Par ailleurs, il est intéressant de remarquer que le mot corbillard est ici entre guillemets, ce qui n’est pas systématiquement le cas dans le reste du billet. Ces guillemets ne sont pas nécessaires à une bonne compréhension, notamment parce que le terme et son contexte d’apparition initial ont déjà été explicités. De fait, ils nous indiquent que ce corbillard n’est pas un véhicule, mais le mot lui-même, décrit comme signe représentant cette réalité. S’il n’est pas rare que les scripteurs emploient des guillemets pour expliciter la boucle autonymique, du fait de ce qu’Authier-Revuz appelle une « fétichisation pour les dispositifs de notation désambiguïsatrice », il aurait de toute façon été incongru de croire qu’il était ici question de l’utilité d’un corbillard en tant que tel, laquelle ne saurait être remise en question.

L’emploi de cette modalité est très fréquent dans le discours politique, puisque le législateur est amené à modifier la société par son emploi des mots, lesquels sont donc bien évidemment soumis à discussion dans les travaux parlementaires, mais aussi parce qu’une bonne partie des débats et polémiques, notamment en période électorale, portent sur la problématique de la mise en mot commentée de façon autonymique : adéquation du discours au réel, intercompréhension réussie ou non, propositions de définition des mots employés, etc.

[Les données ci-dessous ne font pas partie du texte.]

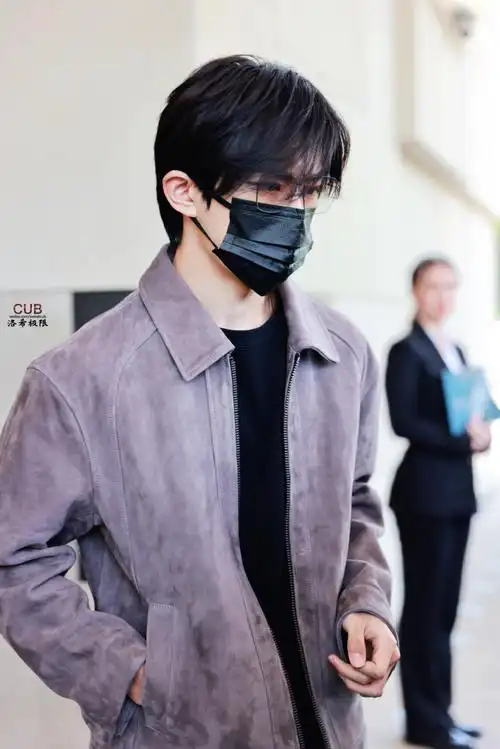 易烊千玺穿白大褂制表##易烊千玺皮衣街拍#玺子哥这几天穿的衣服一件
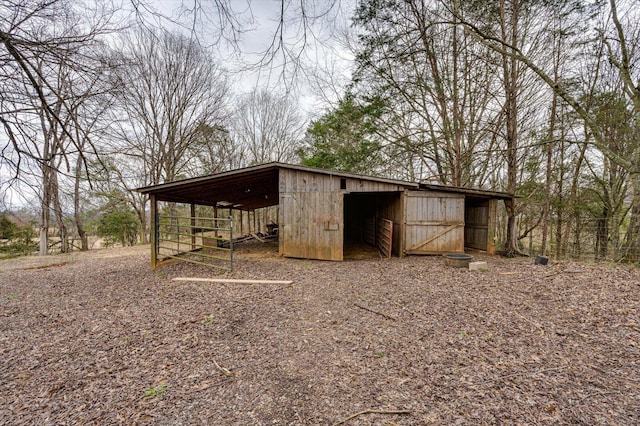 view of outdoor structure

Ces guillemets, qui pourraient paraître anecdotiques, ont donc aussi un rôle à jouer dans cette polémique-ci, car ils permettent à Jean-Luc Mélenchon d’accuser les socialistes de faire de ce « corbillard » un prétexte pour mettre fin aux négociations, tout en le dissociant de sa propre intervention initiale. Ainsi mis à distance, ce mot « si utile » devient un élément de discours qui circule dans les prises de paroles diverses, et Jean-Luc Mélenchon n’est plus le seul responsable de son emploi. De quoi faire un peu oublier qu’en provoquant l’ire de ses ex-futurs alliés, ce mot ne lui aura pas été inutile non plus.